With these periodic sources in place, no Manila service should experience TTL-driven staleness under normal operation.
Response format¶
The endpoint returns JSON following the IETF Health Check Response draft,
adapted for Manila service names. The response uses the
application/health+json content type as defined by the IETF draft:
{
"status": "pass",
"version": "1.0",
"serviceId": "a1b2c3d4-e5f6-7890-abcd-ef1234567890",
"description": "manila-share",
"notes": {
"host": "storage-node-1.cloud",
"backend": "storage01@cephfs"
},
"checks": {
"database": [
{
"status": "pass",
"time": "2025-06-15T10:30:00Z"
}
],
"message_bus": [
{
"status": "pass",
"time": "2025-06-15T10:30:00Z"
}
],
"backend_driver": [
{
"componentId": "storage01@cephfs",
"componentType": "datastore",
"status": "pass",
"time": "2025-06-15T10:29:45Z"
},
{
"componentId": "storage02@netapp",
"componentType": "datastore",
"status": "pass",
"time": "2025-06-15T10:29:50Z"
}
]
}
}
Example failure response (HTTP 503):
{
"status": "fail",
"version": "1.0",
"serviceId": "a1b2c3d4-e5f6-7890-abcd-ef1234567890",
"description": "manila-share",
"notes": {
"host": "storage-node-1.cloud",
"backend": "storage01@cephfs"
},
"checks": {
"database": [
{
"status": "pass",
"time": "2025-06-15T10:30:00Z"
}
],
"message_bus": [
{
"status": "pass",
"time": "2025-06-15T10:30:00Z"
}
],
"backend_driver": [
{
"componentId": "storage01@cephfs",
"componentType": "datastore",
"status": "fail",
"time": "2025-06-15T10:28:00Z",
"output": "CephFS: mon_command failed: [errno 110] Connection timed out"
},
{
"componentId": "storage02@netapp",
"componentType": "datastore",
"status": "pass",
"time": "2025-06-15T10:29:50Z"
}
]
}
}
Implementation details¶
The implementation introduces a new manila/healthcheck/ module containing:
HealthcheckManager: a singleton that maintains an in-memory dictionary of
HealthcheckStatusItem objects, each tracking a named check’s current
status, last-updated timestamp, TTL, and optional error output. For checks
that cover multiple components (e.g., backend_driver in a multi-backend
manila-share), the manager stores one HealthcheckStatusItem per
(name, component_id) pair and groups them into the same IETF check
array in the response. The manager exposes
update(name, status, output=None, component_id=None) for programmatic
updates and a get_response() method that computes the aggregate status
and returns the JSON payload.
@healthcheck decorator: a function decorator can be used to wrap existing
methods and capture health state as a side effect. On successful return, it updates
the named check to pass. If a listed exception type is raised, it updates
the check to fail with the exception message. An optional
component_attr parameter names an attribute on self that is resolved
at call time and used as the componentId for that check entry. This
allows a single check name (e.g., backend_driver) to track multiple
components independently (e.g., one per storage backend).
# manila/share/manager.py
from manila.healthcheck import healthcheck
class ShareManager(manager.SchedulerDependentManager):
@healthcheck('database', [db_exc.DBError, db_exc.DBConnectionError])

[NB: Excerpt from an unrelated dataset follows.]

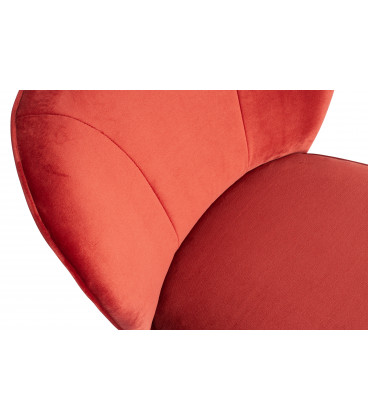 Fauteuil Sara FramboiseWOOOD by De Eekhoorn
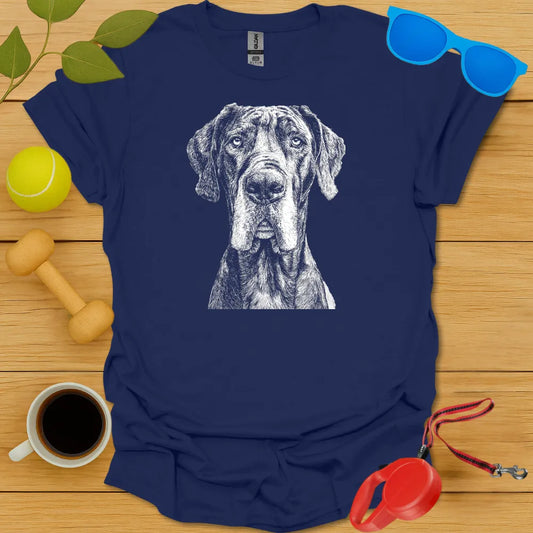 Great Dane Portrait Tee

def create_share_instance(self, context, share_id, ...):
# existing implementation unchanged
...
@healthcheck('backend_driver', [exception.ShareBackendException],
component_attr='host')
def _report_driver_status(self, context):
# periodic task runs every 60s per backend -- natural heartbeat
# component_attr='host' resolves self.host at call time
# (e.g., "storage-node-1@cephfs") and uses it as componentId
...
Output field guidelines: the output field in each check entry
carries the most recent error or warning message.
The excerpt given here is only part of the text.